Incluso cuando estamos quietos, nos encontramos en un planeta que gira sobre sí mismo a una velocidad de 1700 km/h y que gira alrededor del sol a una velocidad de cien mil.
Además, en nuestros cuerpos todo es un movimiento continuo: células que nacen, células que mueren, microorganismos que ahora luchan, ahora colaboran, y mil otros procesos incontrolados.
Nada permanece inmóvil fuera de nosotros, nada permanece inmóvil dentro de nosotros.
Por lo tanto, hoy en día solo podemos obtener honestamente un punto de apoyo para nuestra fe a condición de no buscar un punto fijo que sea inmóvil, porque no hay nada que lo sea (y si, a pesar de ello, lo hacemos, caemos en el dogmatismo y en la dureza ideológica). Solo se puede dar un punto firme a condición de que no sea inmóvil: esa es la condición para tener un punto de apoyo para nosotros, los posmodernos.
Por eso mi fe es un punto firme, pero no inmóvil, y me lo da la armonía y su búsqueda. En medio de este cambio incesante que produce desorientación, intento como puedo, con mi vida y mi trabajo, construir en mí y fuera de mí energía armonía. Cuanta más armonía hay, más vida sana hay: esta es mi verdad.

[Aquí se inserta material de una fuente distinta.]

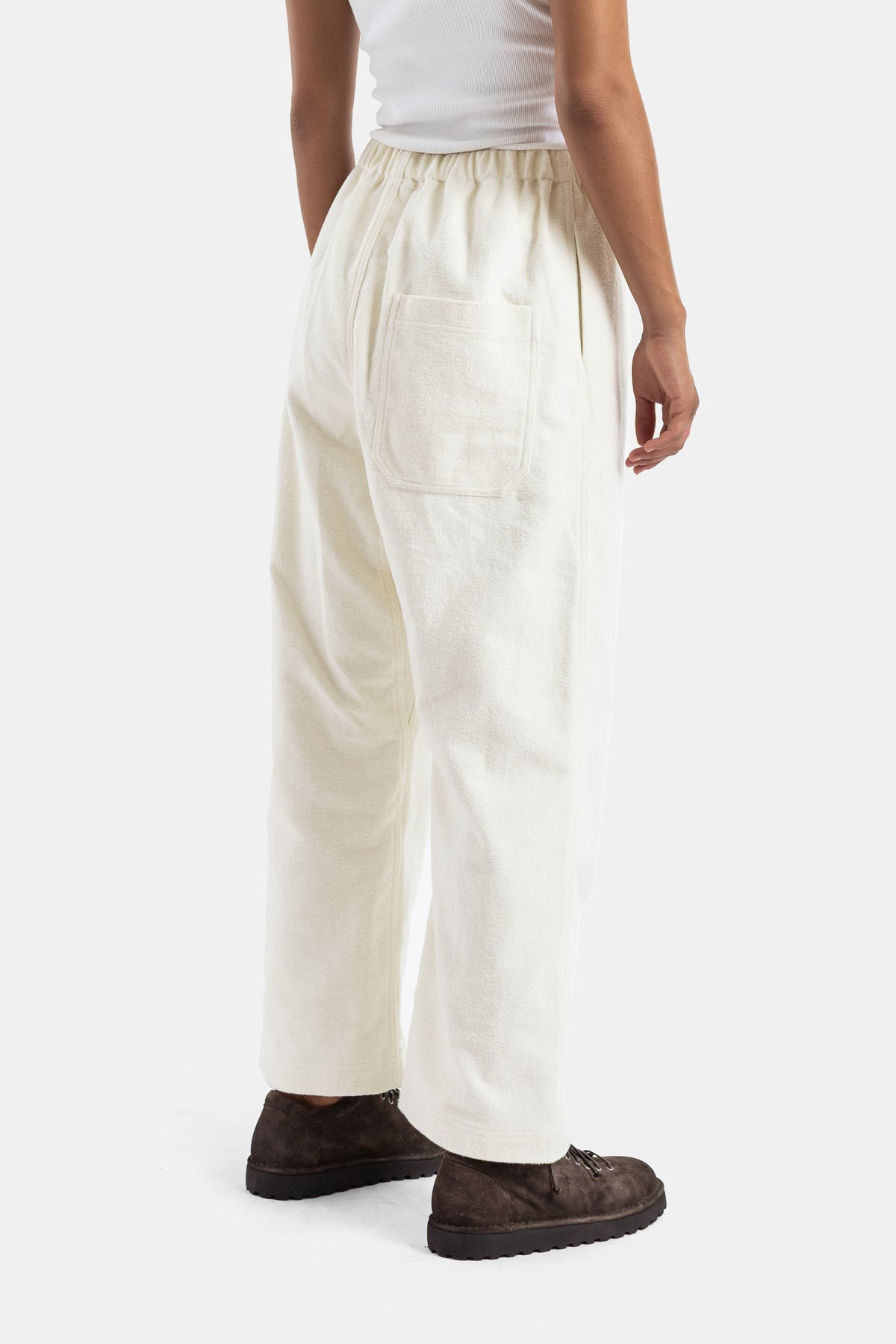 Pantalón de lana ecru Sofie d'Hoore, vista trasera, bolsillo de parche, cintura elástica y zapatos de ante marrón oscuro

Hablando de verdad, un día me llamó la atención el hecho de que en latín la palabra verdad (veritas) tiene la misma raíz que la palabra primavera (ver). No creo que sea una mera coincidencia. Al contrario, en mi opinión, este vínculo entre verdad y primavera atestigua que, originalmente, el concepto de verdad no tenía que ver con la mera exactitud (verdad científica) ni con una doctrina inmutable (verdad religiosa), sino con el dinamismo natural que hace florecer y renacer la vida: es decir, con la armonía. Por eso, además, el color primaveral por excelencia se denominó «verde» (en latín virĭdis).
Se trata de un dato que debe considerarse atentamente: las raíces de nuestra lengua nos transmiten la raíz «vr» relacionada con la primavera y la verdad, que por lo tanto no debe entenderse como una fórmula o una doctrina, sino como la energía y la información que hace florecer y renacer la naturaleza. Como armonía.
Etimológicamente, energía significa «en acción», «en movimiento». A través de la raíz “vr”, la mente antigua de nuestra civilización llegó a captar la energía que pone en marcha y produce movimiento y, así, a expresar la armonía.
Nosotros estamos dentro de este proceso y, cuanto más nos ajustemos a su lógica relacional, sirviendo a su florecimiento, más floreceremos a nuestra vez. Este es mi «ubi consistam».
El
punto fijo, pero no inmóvil, de la armonía como lógica profunda de la vida ha
sido captado por todas las grandes civilizaciones de la antigüedad y denominado
de diversas maneras, entre ellas «logos, dharma, tao, hochmà, maat».
Para mí, un nombre es «sophia», y por eso trato de vivir mi «ubi consistam» como philo-sophia: como servicio amoroso a la lógica más profunda y más sabia de la vida.